William Kentridge was commissioned to create ‘The Magic Flute’ by La Monnaie in Brussels where it opened in April 2005. Used in creating the animation sequences for his production, this drawing evokes the famous scene from the 1816 production with Karl Schinkels set designs in which the Queen of the Night appears beneath a star-studded vault.


William Kentridge – Drawing from ‘Preparing the Flute’ (Queen of the Night)
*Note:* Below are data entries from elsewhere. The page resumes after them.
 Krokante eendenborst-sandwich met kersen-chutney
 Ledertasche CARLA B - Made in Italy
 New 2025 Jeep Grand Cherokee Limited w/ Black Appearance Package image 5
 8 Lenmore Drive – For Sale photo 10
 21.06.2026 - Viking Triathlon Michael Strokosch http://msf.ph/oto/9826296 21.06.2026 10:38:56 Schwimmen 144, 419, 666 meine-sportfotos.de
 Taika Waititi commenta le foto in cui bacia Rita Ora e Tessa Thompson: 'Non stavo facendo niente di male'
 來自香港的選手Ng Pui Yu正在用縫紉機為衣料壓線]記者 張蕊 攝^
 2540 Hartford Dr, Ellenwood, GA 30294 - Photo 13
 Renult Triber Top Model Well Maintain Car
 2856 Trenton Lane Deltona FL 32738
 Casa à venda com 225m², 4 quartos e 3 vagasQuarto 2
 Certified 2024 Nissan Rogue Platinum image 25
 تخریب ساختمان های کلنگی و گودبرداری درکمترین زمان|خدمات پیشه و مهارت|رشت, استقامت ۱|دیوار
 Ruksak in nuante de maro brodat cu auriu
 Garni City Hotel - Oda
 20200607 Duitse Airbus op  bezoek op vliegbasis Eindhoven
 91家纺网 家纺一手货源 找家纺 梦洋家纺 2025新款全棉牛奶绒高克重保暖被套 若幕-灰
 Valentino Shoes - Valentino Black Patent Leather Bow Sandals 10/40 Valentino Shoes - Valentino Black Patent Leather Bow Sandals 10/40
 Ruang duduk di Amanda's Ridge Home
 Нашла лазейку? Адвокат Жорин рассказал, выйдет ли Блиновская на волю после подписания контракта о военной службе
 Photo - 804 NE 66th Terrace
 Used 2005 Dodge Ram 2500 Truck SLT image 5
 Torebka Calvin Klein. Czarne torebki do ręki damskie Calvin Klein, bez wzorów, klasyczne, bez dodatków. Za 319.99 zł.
According to Kentridge, the animated drawings based on Mozart’s mystical opera, projected through a model of an Italian-style proscenium, become ‘a metaphor for the transformation from dark into light’, both through the experience of Mozart’s protagonists and the way in which film captures light and brings imaginary scenes to life. During the Queen of the Night’s famous aria, the miniature theatre becomes a camera obscura, as fireworks and stars erupt across the sky.¹

When preparing images for projection, Kentridge explains, “There are two ways of drawing white lines. One is to draw with chalk on black paper, the other is to use black lines on white paper and then reverse the image on the film by using the negative, so that the lines become white and the background dark”.² For the artist the latter was preferable as it allowed for a wider range of drawing material and variety of mark making. Transposing positive and negative imagery also allowed him to explore the opposition of light and dark, themes that are in constant dialogue throughout the opera.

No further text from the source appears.